Curated mirror tier (in-process)¶
CAS serves attribute statistics by passthrough (no storage; every stats request hits the upstream provider), rasters by bbox subsetting at request time, and a small set of bulk-download-only vector datasets via curated local mirrors — version-pinned, checksummed copies materialized on your disk, on first use or by explicit sync. The hosted HTTP service remains stats-only: it neither stores nor redistributes mirrored data.
That three-tier identity statement is the design's north star. The mirror tier is a client-side reproducibility feature, not a data service: it gives pinned versions, manifests, and checksums for datasets the community otherwise re-downloads ad hoc.
No hosting, ever
Storage lives on the user's end. CAS is only ever a download client plus a local subsetter — it never hosts or redistributes mirror data, and the HTTP API mounts no mirror endpoints. A local mirror is download-client behavior (CAS acting as your agent), legally identical to what a manual download would be.
Storage model¶
Mirrors live under CAS_MIRROR_DIR (default ~/.cas/mirror). Each dataset
version gets its own directory with a manifest and a converted query layer:
$CAS_MIRROR_DIR/
index.json # mirror-wide: datasets present, totals
wokam/1.0/
manifest.json
wokam_v1.0.parquet # hilbert-sorted GeoParquet query layer
At materialization time CAS downloads the source archive to a *.part temp
file while streaming a sha256, atomically renames it, extracts only the
needed vector layer, and converts that layer to a hilbert-sorted GeoParquet
file (GeoParquet 1.1 with a per-row-group bbox covering column, row groups of
65 536 rows). The archive and the extracted shapefile are then dropped — the
parquet is ~3× smaller and bbox reads prune row groups instead of scanning —
and their checksums are recorded in the manifest.

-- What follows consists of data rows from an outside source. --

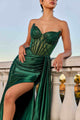 Ladivine CD773 Emerald Green Satin Dress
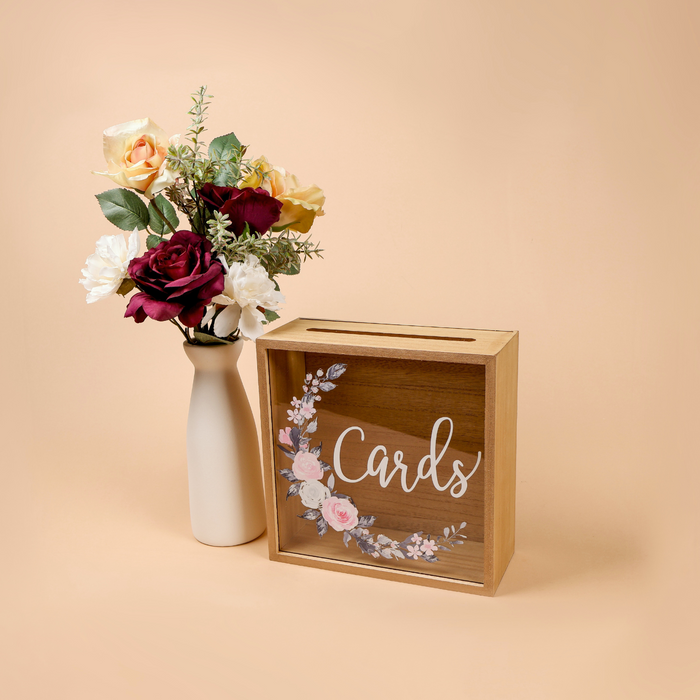 Rustic "Card" Wood Box with Mixed Floral Garland Design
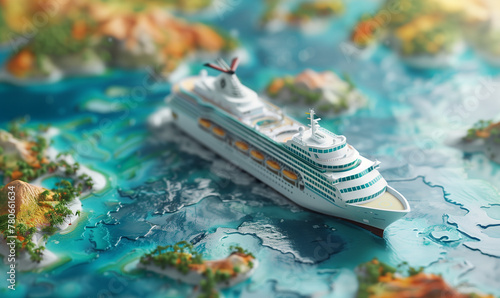 cruise ship model on map of the world ravel through tropical islands © Ricky
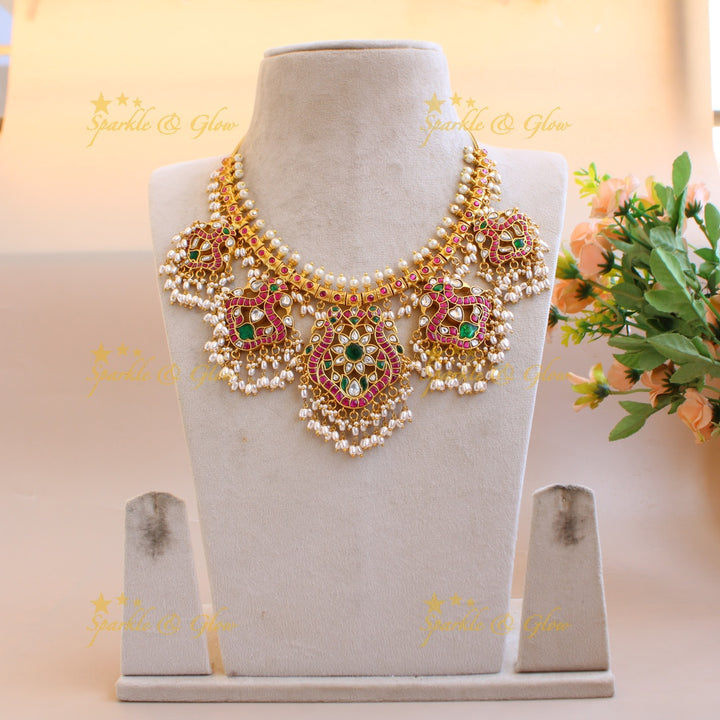 Stunning Peacock Floral design gutta pusalu jadau short necklace with rice pearls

Concurrency and read-only roots¶
Materialization takes an exclusive fcntl lock on the dataset directory.
A second process (e.g. another calibration worker) arriving mid-download
blocks on the lock, then finds the finished manifest and returns without
re-downloading — lazy first-use under parallel workers is one download, not a
thundering herd.
A non-writable mirror root is fine for reads of an already-materialized
dataset (the HPC pattern: an admin syncs into a read-only group share). Trying
to materialize into a read-only root fails with an actionable error naming
cas mirror sync and the group-admin path.
Versioning and integrity¶
A mirror dataset id is the pair (slug, version); requests default to the
pinned version and slug==version pins explicitly. There is no "latest"
alias. These are static releases — no TTL, ever; a version is only superseded,
never stale.
Upstreams here publish no checksums, so the archive sha256 is
trust-on-first-fetch: computed at first materialization and recorded into
the local manifest. Once a maintainer bakes an expected sha256 into the
shipped registry, TOFU upgrades to verified and any mismatch becomes a hard
MirrorIntegrityError carrying both hashes — an upstream silently replacing a
file under the same version is never silently accepted.
CLI¶
$ cas mirror sync wokam # materialize explicitly (HPC pre-staging, CI)
$ cas mirror sync glhymps==2.0 # pin a version
$ cas mirror import merit_basins:7 pfaf_7.zip # stage a manually obtained archive
$ cas mirror status # per-dataset disk use, version, license, checksum state
$ cas mirror verify [wokam] # full sha256 re-checksum against the manifest
$ cas mirror remove wokam # reclaim disk
sync is the same code path as lazy first-use materialization — run it on a
network-connected node (e.g. an HPC login node) to pre-stage data for offline
compute nodes. Set CAS_MIRROR_OFFLINE=1 to turn materialization into a hard
error (compute-node safety); reads of already-materialized data still work.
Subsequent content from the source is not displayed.